You are viewing a plain text version of this content. The canonical link for it is here.
Posted to dev@pig.apache.org by Jonathan Coveney <jc...@gmail.com> on 2012/06/21 20:29:16 UTC

Possible bug in replicated join?

Am posting before making a ticket just to make sure I'm not doing something
stupid or missing something obvious.


$ cat data

1

2

3

4

5


a = load 'data' as (x:int);

b = foreach a generate TOTUPLE(x);


c = load 'data' as (x:int);

d = foreach c generate TOTUPLE(x);


e = join b by $0, d by $0;

dump e;


((1),(1))

((2),(2))

((3),(3))

((4),(4))

((5),(5))

ok....
but
f = join b by $0, d by $0 using 'replicated';

dump f;


(1,1)

(2,2)

(3,3)

(4,4)

(5,5)

!!!!

Re: Possible bug in replicated join?

Posted by Thejas Nair <th...@hortonworks.com>.
That certainly looks like a bug.
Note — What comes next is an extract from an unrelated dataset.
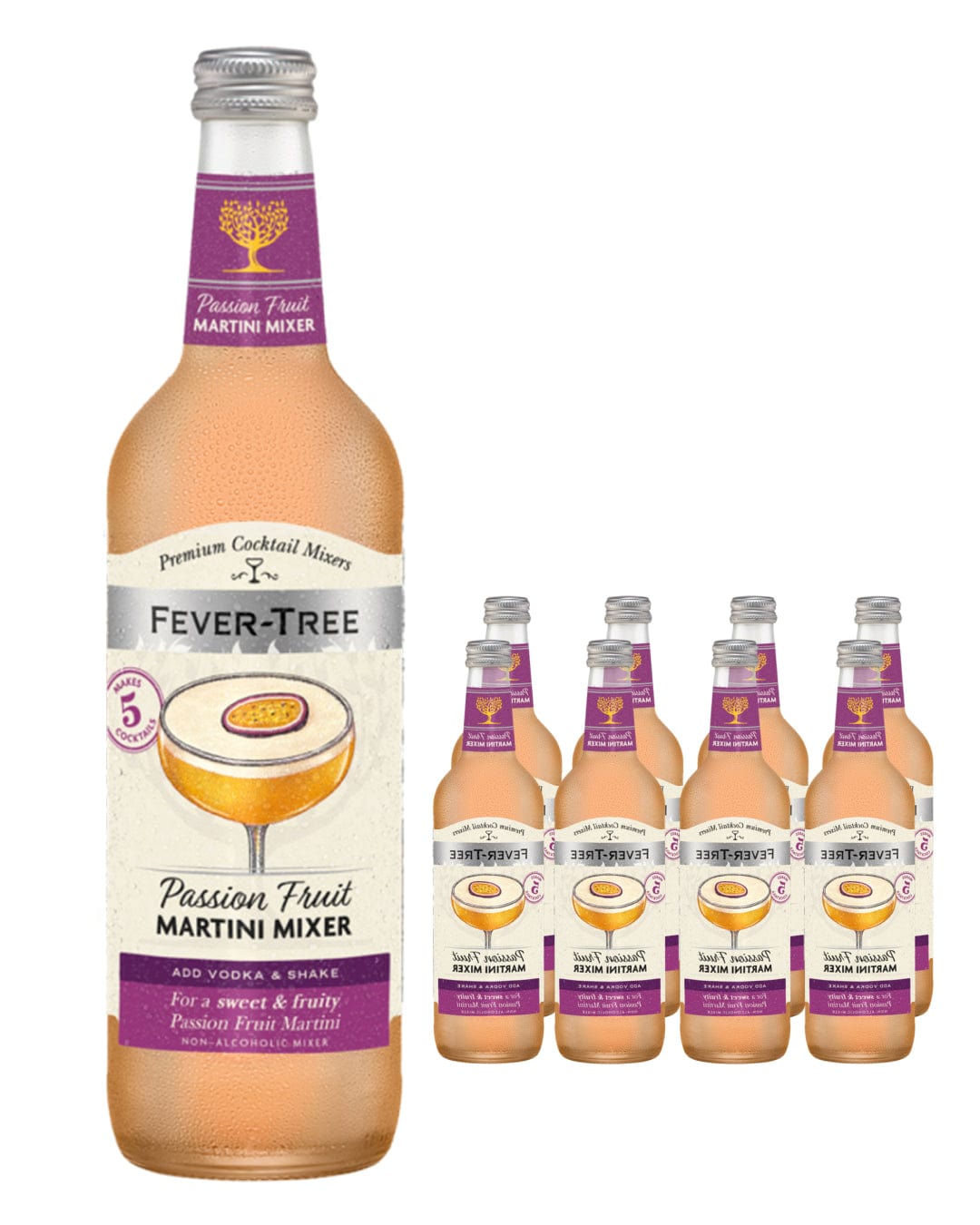 Fever Tree Passionfruit Martini Mixer Multipack, 8 x 500 ml Spirits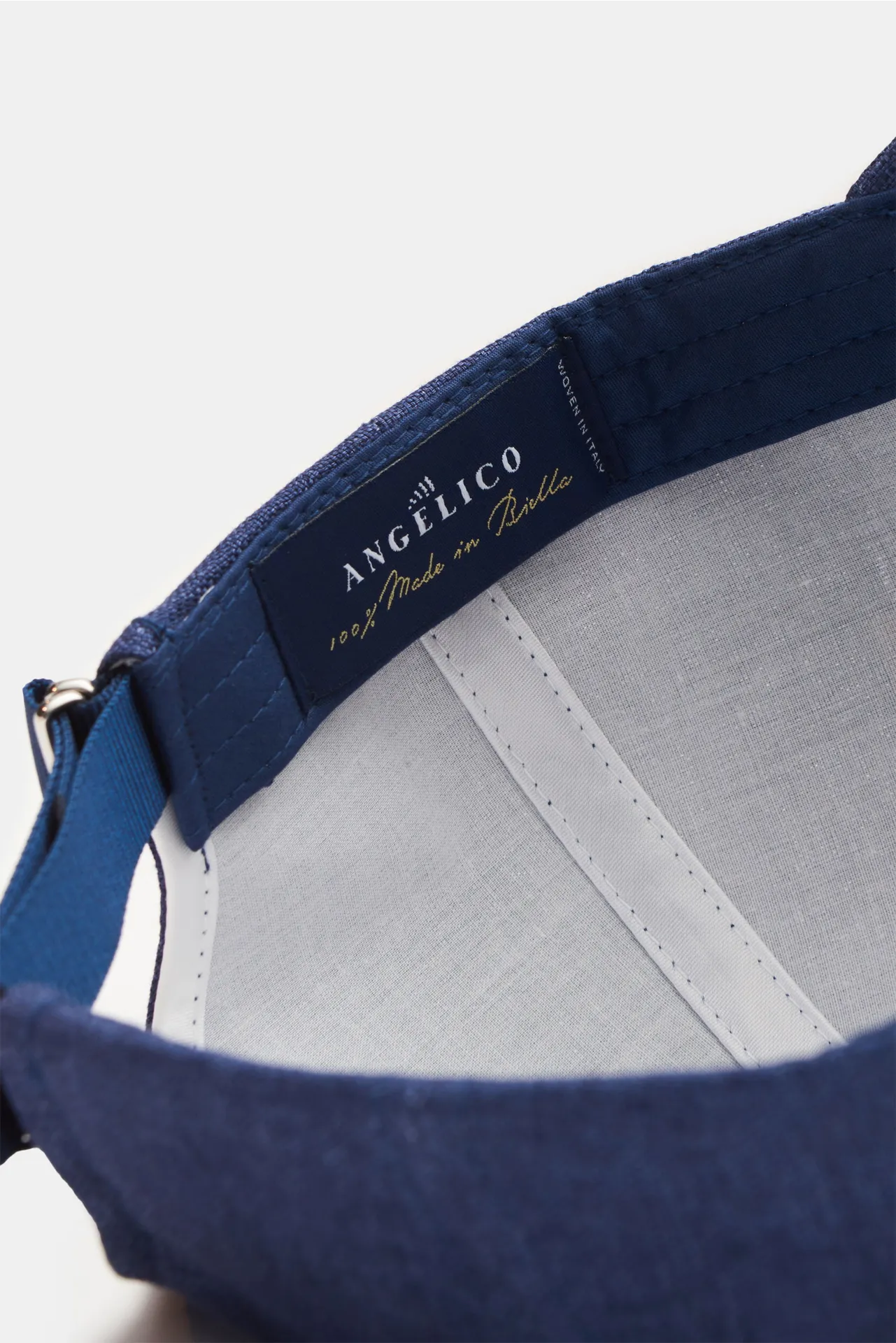 Varsity Headwear - Herren - Leinen Baseball-Cap dunkelblau meliert – Bild 3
The replicated join should not flatten 
the tuple.
I didn't actually know that pig supported doing joins on tuples (i guess 
it does not allow that on maps and bags).

-Thejas


On 6/21/12 11:29 AM, Jonathan Coveney wrote:
> Am posting before making a ticket just to make sure I'm not doing something
> stupid or missing something obvious.
>
>
> $ cat data
>
> 1
>
> 2
>
> 3
>
> 4
>
> 5
>
>
> a = load 'data' as (x:int);
>
> b = foreach a generate TOTUPLE(x);
>
>
> c = load 'data' as (x:int);
>
> d = foreach c generate TOTUPLE(x);
>
>
> e = join b by $0, d by $0;
>
> dump e;
>
>
> ((1),(1))
>
> ((2),(2))
>
> ((3),(3))
>
> ((4),(4))
>
> ((5),(5))
>
> ok....
> but
> f = join b by $0, d by $0 using 'replicated';
>
> dump f;
>
>
> (1,1)
>
> (2,2)
>
> (3,3)
>
> (4,4)
>
> (5,5)
>
> !!!!
>